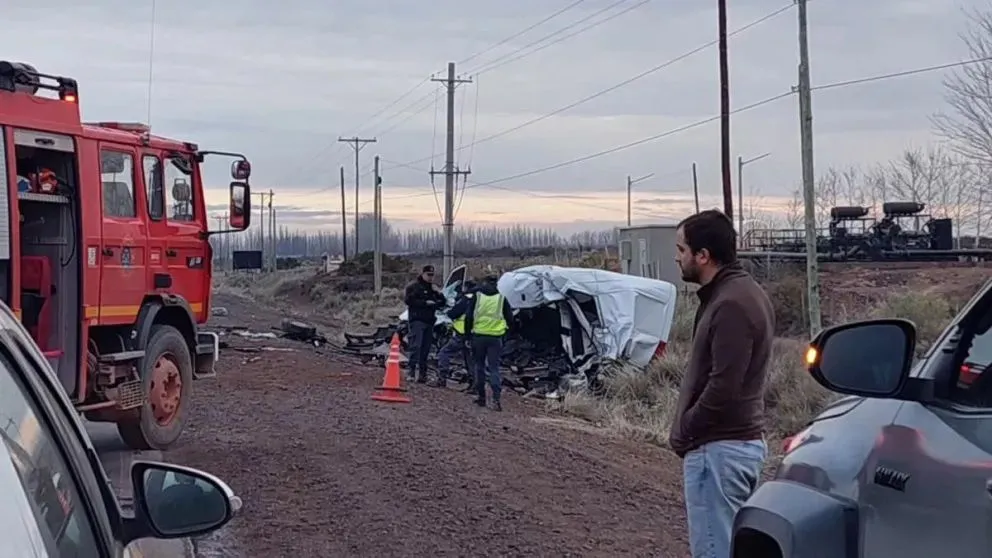 Las víctimas serían dos estatales de Neuquén, ocupantes de la traffic. (Foto gentileza)
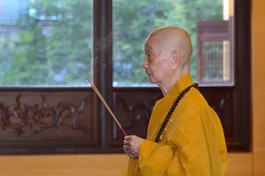 Đức Pháp chủ GHPGVN - Đại lão Hòa thượng Thích Trí Quảng niêm hương bạch Phật tại chánh điện Việt Nam Quốc Tự - Ảnh: Bảo Toàn/BGN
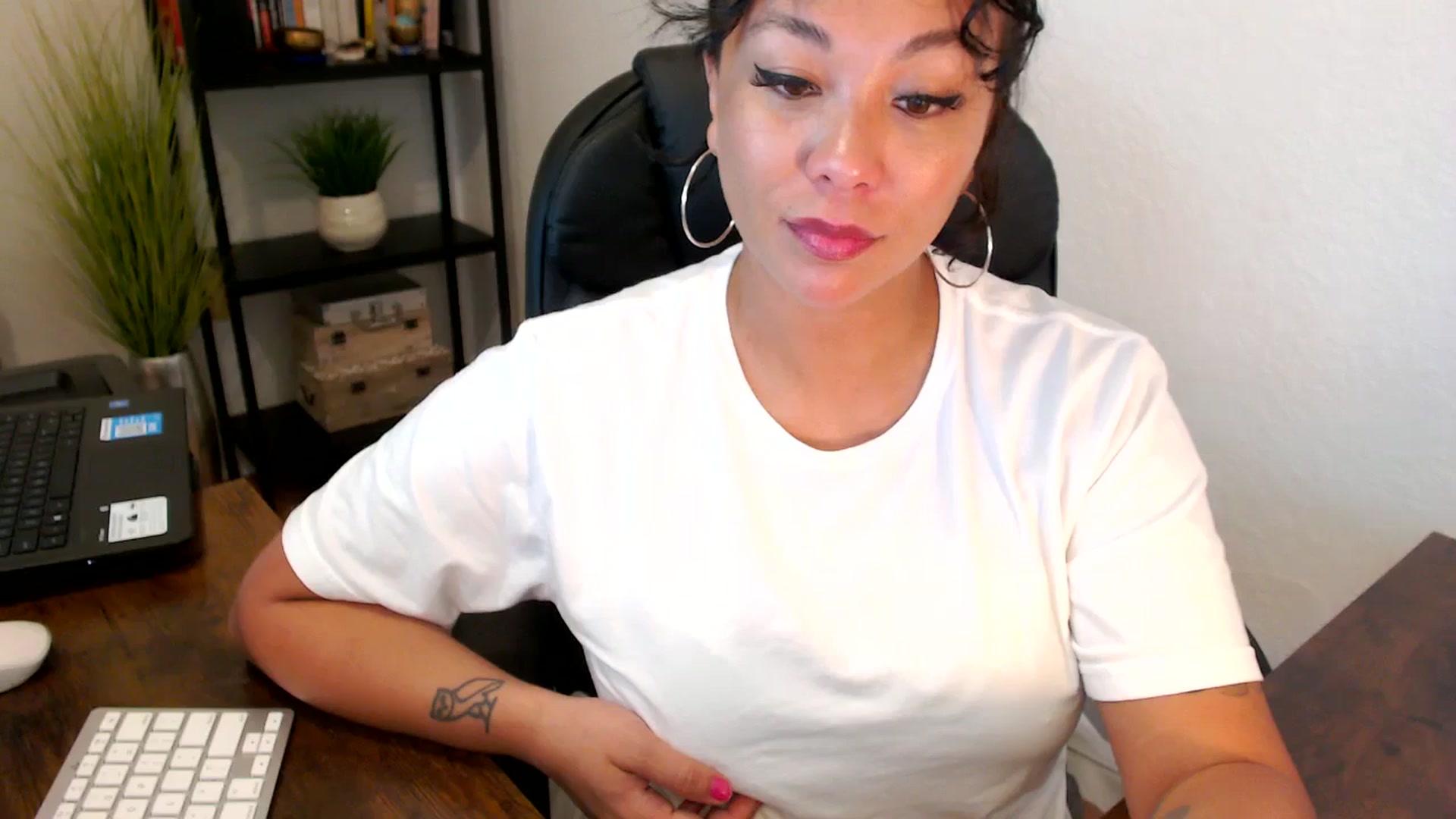 Gallery image thumbnail from MickaylaMoon's myfreecams stream on, 09/06/2024, 16:04 image 6 of 20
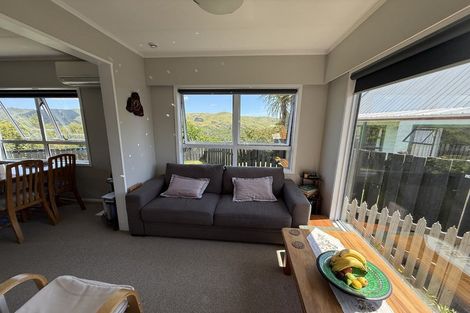 Photo of property in 43 Mossburn Grove, Kelson, Lower Hutt, 5010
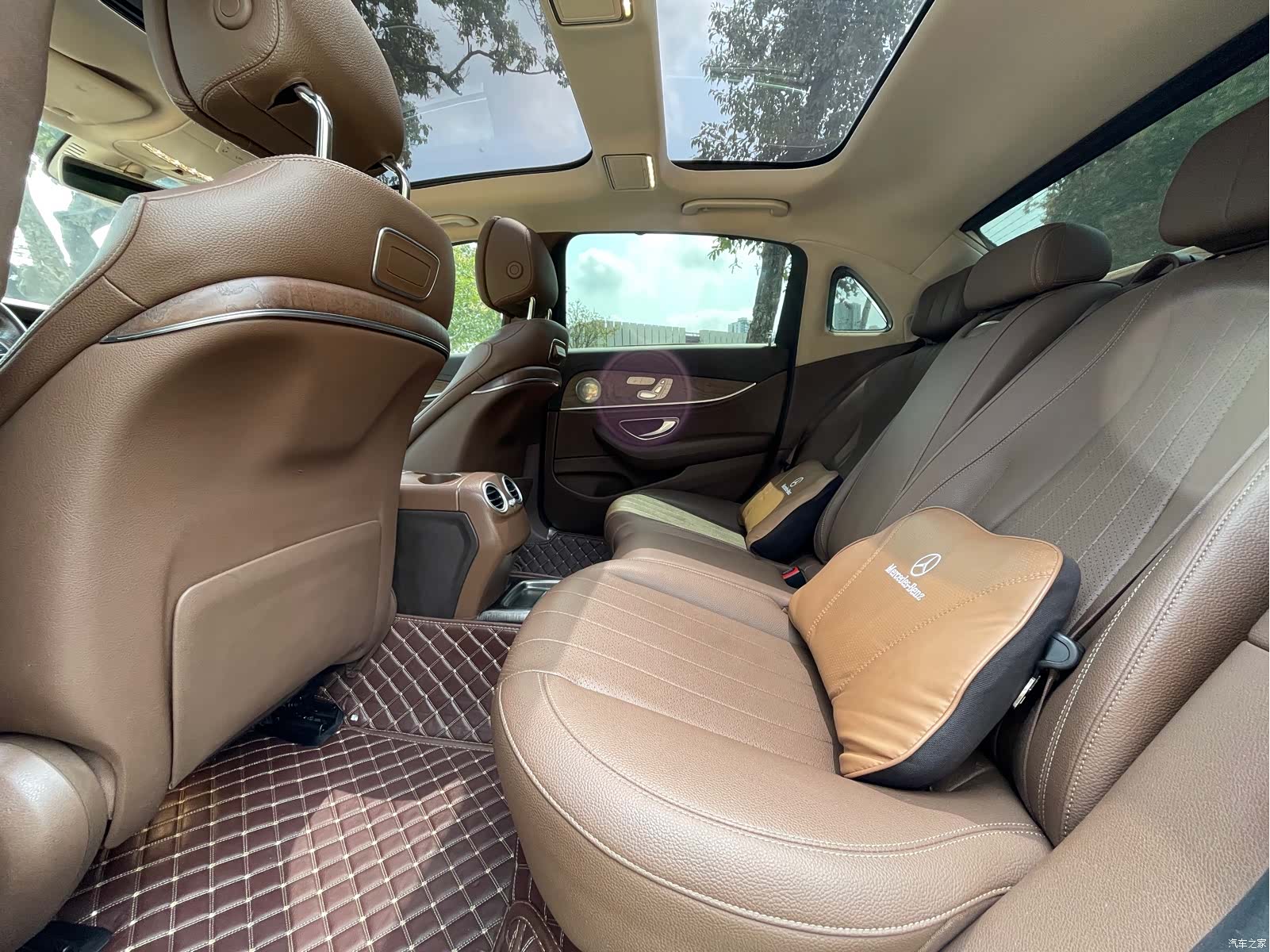 Mercedes-Benz E-Class, 2018 6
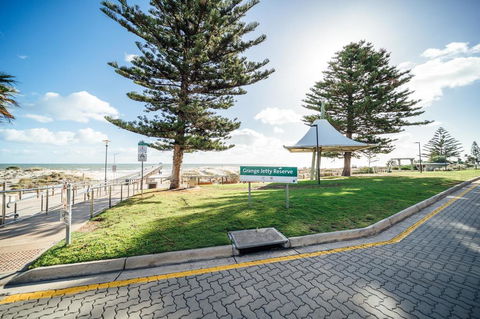 Urban Beach Shack-Metres From The Beach & Cafes - Perths Hotel 3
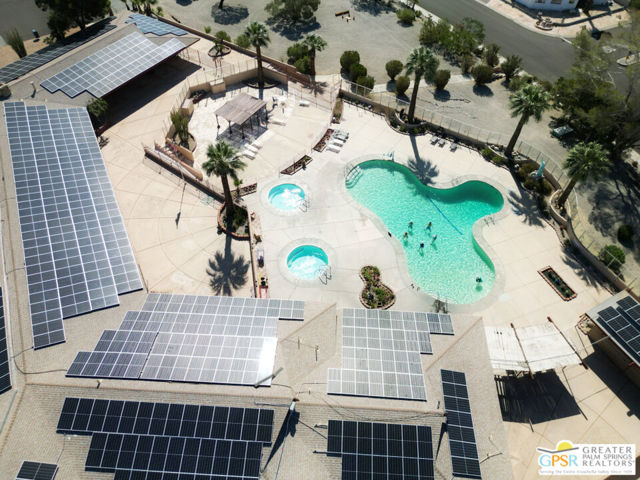 16740 Sunrise Road, Desert Hot Springs CA: https://media.crmls.org/mediaz/497dad13-3d27-43d2-be1a-55a9058a3807.jpg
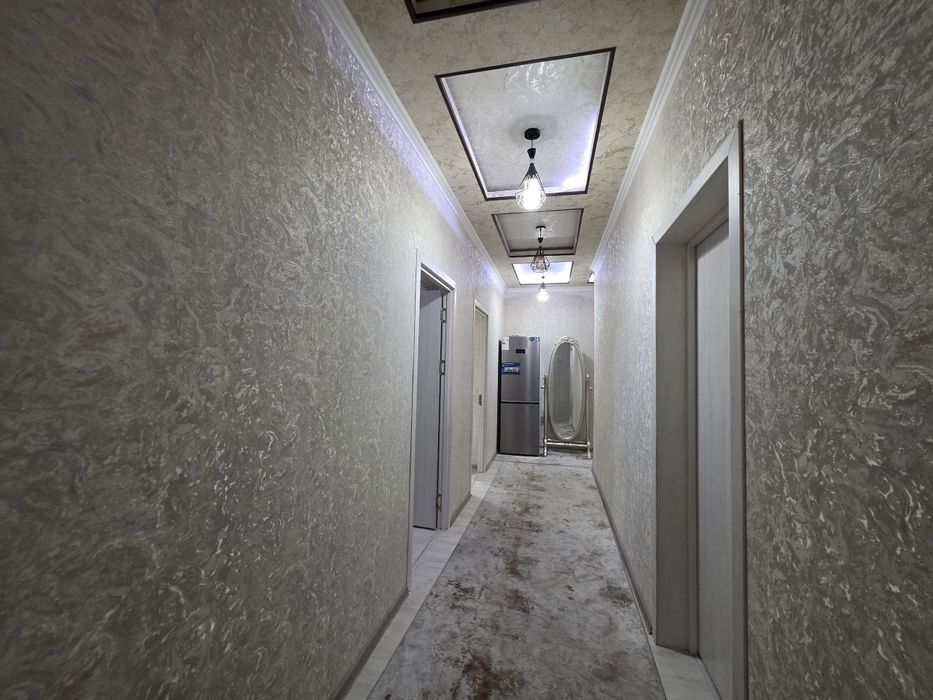 Фарғона шахар хокимяти олдида Янги курилган Дом 3х квартира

● What this task involves
Copy every record exactly, without the pictures.

● Expected answer
 Las víctimas serían dos estatales de Neuquén, ocupantes de la traffic. (Foto gentileza)
 Đức Pháp chủ GHPGVN - Đại lão Hòa thượng Thích Trí Quảng niêm hương bạch Phật tại chánh điện Việt Nam Quốc Tự - Ảnh: Bảo Toàn/BGN
 Gallery image thumbnail from MickaylaMoon's myfreecams stream on, 09/06/2024, 16:04 image 6 of 20
 Photo of property in 43 Mossburn Grove, Kelson, Lower Hutt, 5010
 Mercedes-Benz E-Class, 2018 6
 Urban Beach Shack-Metres From The Beach & Cafes - Perths Hotel 3
 16740 Sunrise Road, Desert Hot Springs CA: https://media.crmls.org/mediaz/497dad13-3d27-43d2-be1a-55a9058a3807.jpg
 Фарғона шахар хокимяти олдида Янги курилган Дом 3х квартира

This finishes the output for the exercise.